The man in "Undertechno (Industry Loop)" has a speaker for a
mouth and his voice is modulated and chopped up by technology. The atmospheres
that creep around him are like dank miasmas and bolts of unregulated static.
"Summer Heat (A Moment of Sadness)" limps along with a dull piano
melody, interrupted by a woman's song and a man's dry chuckle. The portrait
is a woman's wet face. She's in the tub, in repose, trying to find some
hope in the submerged warmth of the water, but all there is are the noises
of her failures during the day.
Listening again to the soundtracks that Laliberte uses with his portraits,
I'm again thrown into the minds of these sleepers.

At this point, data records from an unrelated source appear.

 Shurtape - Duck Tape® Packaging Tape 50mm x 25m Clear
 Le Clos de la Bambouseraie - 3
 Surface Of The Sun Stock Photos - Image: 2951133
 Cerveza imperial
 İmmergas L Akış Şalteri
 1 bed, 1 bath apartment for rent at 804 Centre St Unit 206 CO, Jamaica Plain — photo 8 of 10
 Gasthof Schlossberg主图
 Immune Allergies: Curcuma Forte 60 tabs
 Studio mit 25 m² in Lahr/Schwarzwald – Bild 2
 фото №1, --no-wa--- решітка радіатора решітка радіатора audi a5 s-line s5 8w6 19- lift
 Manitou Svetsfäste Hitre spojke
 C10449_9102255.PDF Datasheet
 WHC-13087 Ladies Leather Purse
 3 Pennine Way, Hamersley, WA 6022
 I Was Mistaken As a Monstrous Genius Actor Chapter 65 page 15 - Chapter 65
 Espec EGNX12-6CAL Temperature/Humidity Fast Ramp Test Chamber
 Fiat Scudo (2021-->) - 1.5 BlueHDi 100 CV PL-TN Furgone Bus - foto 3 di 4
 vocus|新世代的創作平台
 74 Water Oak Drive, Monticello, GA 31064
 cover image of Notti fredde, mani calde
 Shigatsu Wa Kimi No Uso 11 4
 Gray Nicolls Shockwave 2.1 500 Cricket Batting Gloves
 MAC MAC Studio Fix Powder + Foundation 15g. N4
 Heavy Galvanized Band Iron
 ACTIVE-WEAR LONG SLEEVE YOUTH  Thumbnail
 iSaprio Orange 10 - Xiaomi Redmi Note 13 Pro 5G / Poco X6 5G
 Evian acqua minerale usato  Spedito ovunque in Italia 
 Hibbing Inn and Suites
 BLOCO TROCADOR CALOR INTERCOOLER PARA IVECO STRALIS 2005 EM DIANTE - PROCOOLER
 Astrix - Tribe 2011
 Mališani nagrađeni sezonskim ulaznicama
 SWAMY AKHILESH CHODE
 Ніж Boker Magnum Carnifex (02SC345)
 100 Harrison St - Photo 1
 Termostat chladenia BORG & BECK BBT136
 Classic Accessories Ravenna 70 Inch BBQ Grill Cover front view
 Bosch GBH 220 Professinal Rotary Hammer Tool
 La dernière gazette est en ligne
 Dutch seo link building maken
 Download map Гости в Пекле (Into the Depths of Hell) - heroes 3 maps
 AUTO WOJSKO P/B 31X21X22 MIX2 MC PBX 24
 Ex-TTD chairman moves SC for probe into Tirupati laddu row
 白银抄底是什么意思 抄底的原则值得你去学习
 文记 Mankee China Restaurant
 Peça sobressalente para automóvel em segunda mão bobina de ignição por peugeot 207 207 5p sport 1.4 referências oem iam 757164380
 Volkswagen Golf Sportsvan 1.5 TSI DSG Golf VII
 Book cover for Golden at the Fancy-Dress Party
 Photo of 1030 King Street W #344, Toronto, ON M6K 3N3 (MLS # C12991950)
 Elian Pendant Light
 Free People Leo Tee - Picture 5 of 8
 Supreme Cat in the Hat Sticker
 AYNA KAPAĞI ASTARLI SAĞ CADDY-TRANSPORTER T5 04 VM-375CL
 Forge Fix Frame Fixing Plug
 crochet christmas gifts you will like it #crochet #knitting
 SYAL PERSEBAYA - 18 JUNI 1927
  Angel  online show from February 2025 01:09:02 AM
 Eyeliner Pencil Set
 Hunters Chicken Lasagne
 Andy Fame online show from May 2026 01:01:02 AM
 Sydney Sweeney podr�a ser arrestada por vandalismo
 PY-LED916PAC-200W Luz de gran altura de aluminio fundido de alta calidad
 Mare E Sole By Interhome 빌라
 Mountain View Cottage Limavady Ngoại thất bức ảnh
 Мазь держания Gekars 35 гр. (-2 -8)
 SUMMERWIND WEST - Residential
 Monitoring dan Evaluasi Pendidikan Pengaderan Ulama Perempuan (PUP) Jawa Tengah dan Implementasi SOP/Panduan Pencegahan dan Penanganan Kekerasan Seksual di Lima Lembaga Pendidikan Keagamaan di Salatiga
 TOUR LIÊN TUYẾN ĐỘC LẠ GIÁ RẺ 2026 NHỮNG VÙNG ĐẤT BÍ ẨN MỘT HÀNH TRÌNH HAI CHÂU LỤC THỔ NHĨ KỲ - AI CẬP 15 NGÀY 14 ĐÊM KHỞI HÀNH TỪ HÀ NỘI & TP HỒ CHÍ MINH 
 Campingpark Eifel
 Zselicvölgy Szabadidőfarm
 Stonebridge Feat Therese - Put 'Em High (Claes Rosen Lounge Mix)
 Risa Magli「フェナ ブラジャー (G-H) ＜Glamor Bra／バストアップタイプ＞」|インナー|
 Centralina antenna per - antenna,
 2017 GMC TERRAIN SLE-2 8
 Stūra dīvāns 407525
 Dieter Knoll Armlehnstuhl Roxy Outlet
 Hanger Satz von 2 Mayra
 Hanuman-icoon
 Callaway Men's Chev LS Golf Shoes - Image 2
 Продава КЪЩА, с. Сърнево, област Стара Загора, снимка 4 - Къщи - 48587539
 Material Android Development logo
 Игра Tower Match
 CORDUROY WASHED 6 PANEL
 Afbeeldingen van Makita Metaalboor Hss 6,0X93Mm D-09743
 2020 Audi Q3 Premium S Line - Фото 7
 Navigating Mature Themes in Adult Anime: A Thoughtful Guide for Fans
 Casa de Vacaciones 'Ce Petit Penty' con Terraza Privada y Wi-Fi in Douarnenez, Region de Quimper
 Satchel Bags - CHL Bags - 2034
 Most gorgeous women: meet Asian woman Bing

But this time, I know
what that creepy feeling is: it's a two-way conduit. I'm in their heads,
but they're in mine as well. And they report back to their master. You
just think they're sleeping, you just mistake their stillness for death.
But, really, they're watching you, watching your reaction, and listening
in to your doubts and fears.

image: fan
+ artist posing with Manifest (Transmitted Ghost Whispers), 1997
 ALL MUSIC GUIDE / Review by Ken Taylor
Developed as sound accompaniments for a photography exhibit,
"Pillow Scenes Soundworks 1996-1999" is a 74-minute collection
of ambient noise-scapes, atonal instrumentation, found sounds, and intercepted
telephone conversations. Photographer Mark Laliberte spent the better part
of four years photographing subjects in different stages of sleep and recording
the surreal sounds that he imagined may occur in their subconscious, thus
creating the sounds that now comprise his 2000 release Pillow Scenes
Soundworks. In the music's proper setting, speakers are sewn into pillows
and placed at floor level concealing a tape machine that runs the separate
soundtrack. A functionless wire extends upward to the wall-mounted
photograph to psychologically link the picture and sound. In the room,
voices, instruments, and noise overlap as viewers walk from picture to
picture while the repetition of sounds merge and collide around them. The
phases of sound shift and lock as patterns emerge. Laliberte's sense of
color and composition is masterful and his visual training shines through
in the arrangement of these components. Ghastly, animal-like moans blurt
from a forest, reminiscent of the Smiths' "Meat is Murder," as
Laliberte ties human nature to animal nature throughout the recording.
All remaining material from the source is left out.